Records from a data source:
******
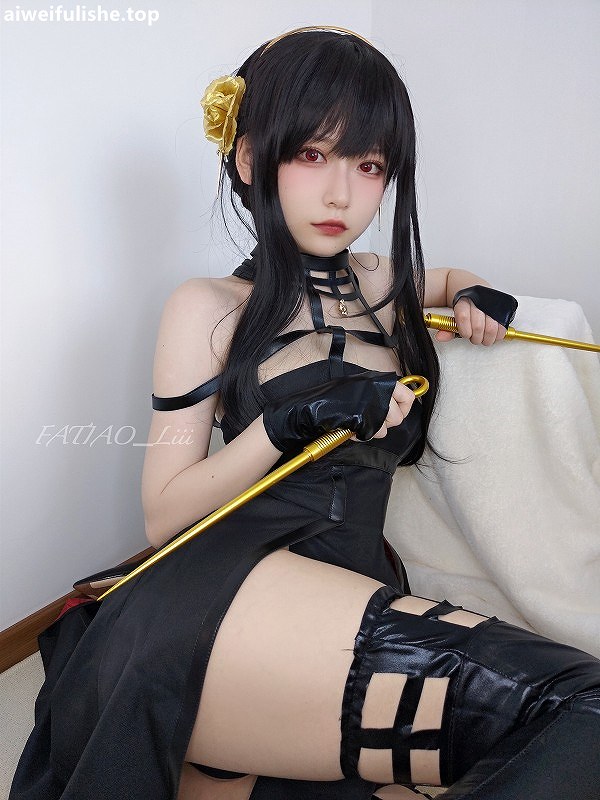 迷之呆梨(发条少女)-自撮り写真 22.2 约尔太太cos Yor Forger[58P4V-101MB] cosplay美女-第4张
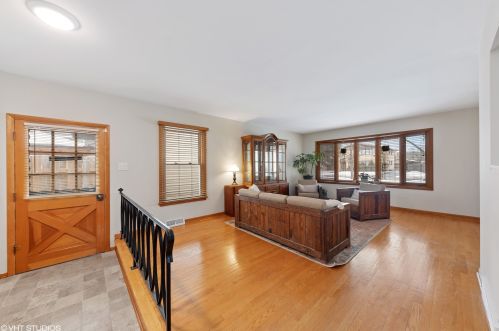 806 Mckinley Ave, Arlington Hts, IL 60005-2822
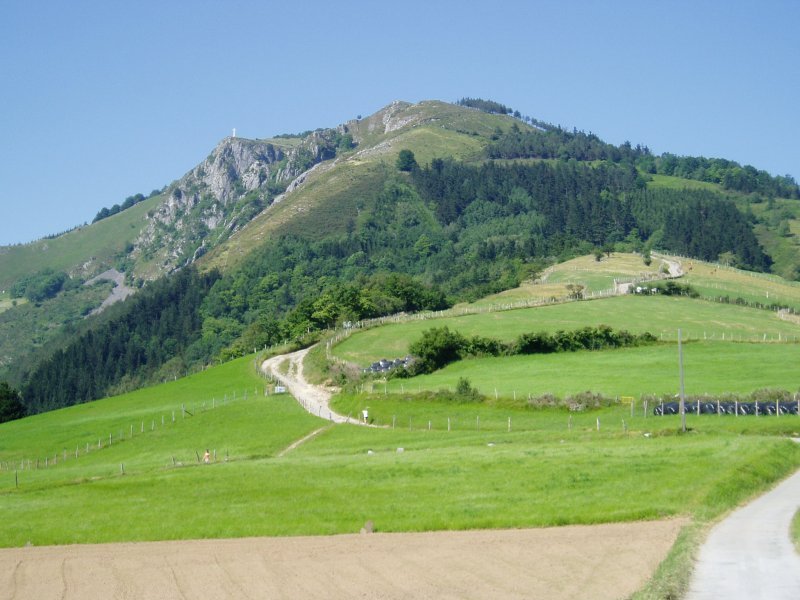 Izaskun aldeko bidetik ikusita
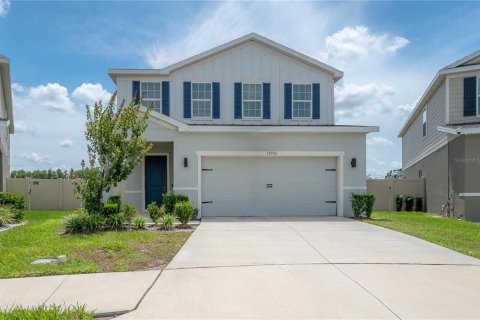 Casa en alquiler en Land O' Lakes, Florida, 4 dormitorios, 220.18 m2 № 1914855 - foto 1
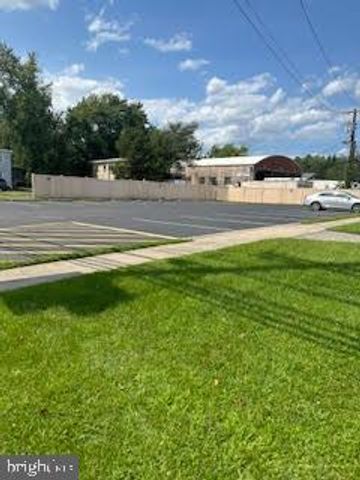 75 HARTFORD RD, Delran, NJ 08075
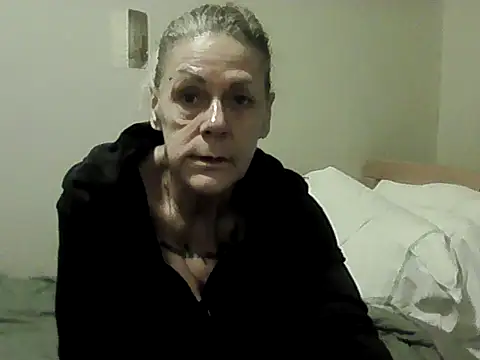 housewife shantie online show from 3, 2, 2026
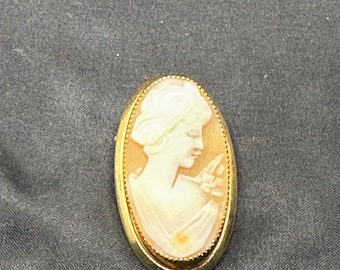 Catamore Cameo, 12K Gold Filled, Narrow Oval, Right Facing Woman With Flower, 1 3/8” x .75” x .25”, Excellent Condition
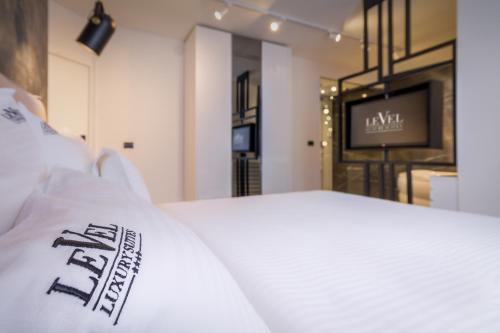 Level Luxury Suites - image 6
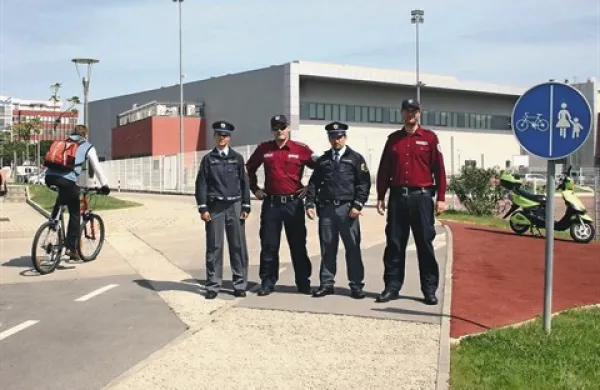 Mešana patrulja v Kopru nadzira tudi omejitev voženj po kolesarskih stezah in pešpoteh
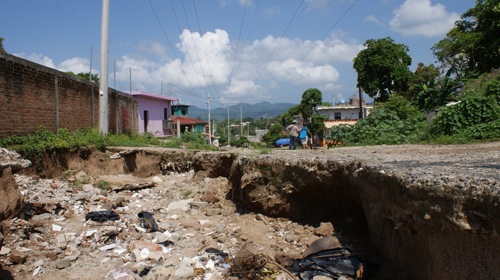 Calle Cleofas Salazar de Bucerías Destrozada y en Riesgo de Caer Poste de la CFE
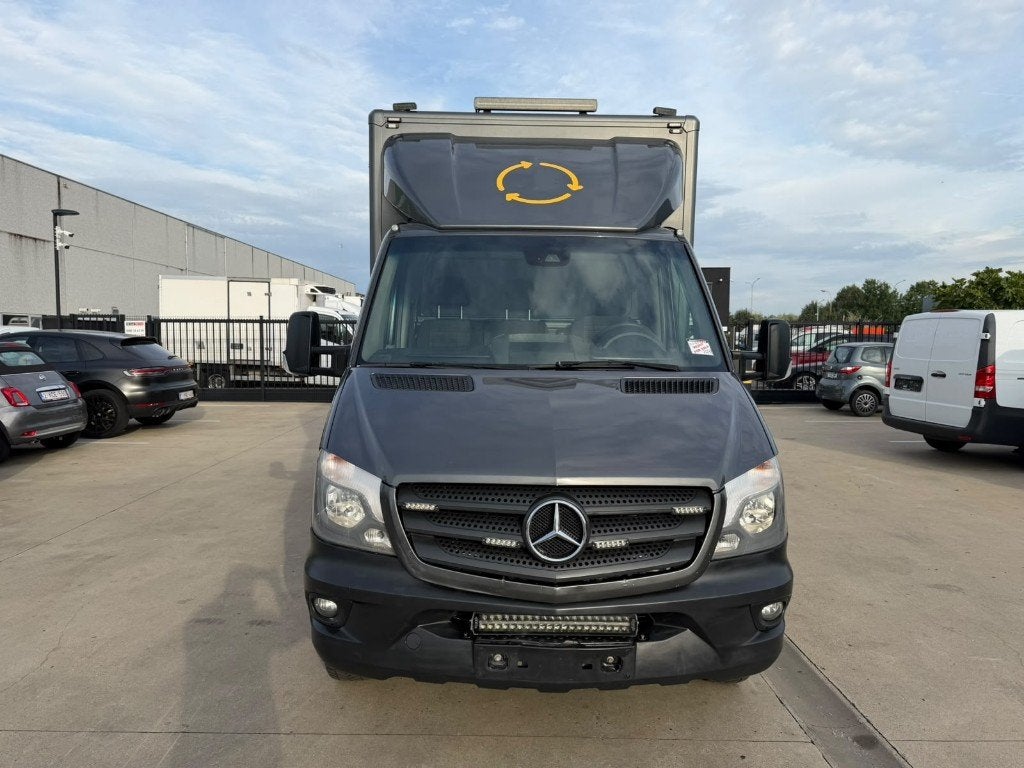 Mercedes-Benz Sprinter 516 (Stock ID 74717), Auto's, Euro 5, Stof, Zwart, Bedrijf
******
YOUR GOAL:
Copy every record above exactly, leaving out any pictures.

WORKED SOLUTION:
 迷之呆梨(发条少女)-自撮り写真 22.2 约尔太太cos Yor Forger[58P4V-101MB] cosplay美女-第4张
 806 Mckinley Ave, Arlington Hts, IL 60005-2822
 Izaskun aldeko bidetik ikusita
 Casa en alquiler en Land O' Lakes, Florida, 4 dormitorios, 220.18 m2 № 1914855 - foto 1
 75 HARTFORD RD, Delran, NJ 08075
 housewife shantie online show from 3, 2, 2026
 Catamore Cameo, 12K Gold Filled, Narrow Oval, Right Facing Woman With Flower, 1 3/8” x .75” x .25”, Excellent Condition
 Level Luxury Suites - image 6
 Mešana patrulja v Kopru nadzira tudi omejitev voženj po kolesarskih stezah in pešpoteh
 Calle Cleofas Salazar de Bucerías Destrozada y en Riesgo de Caer Poste de la CFE
 Mercedes-Benz Sprinter 516 (Stock ID 74717), Auto's, Euro 5, Stof, Zwart, Bedrijf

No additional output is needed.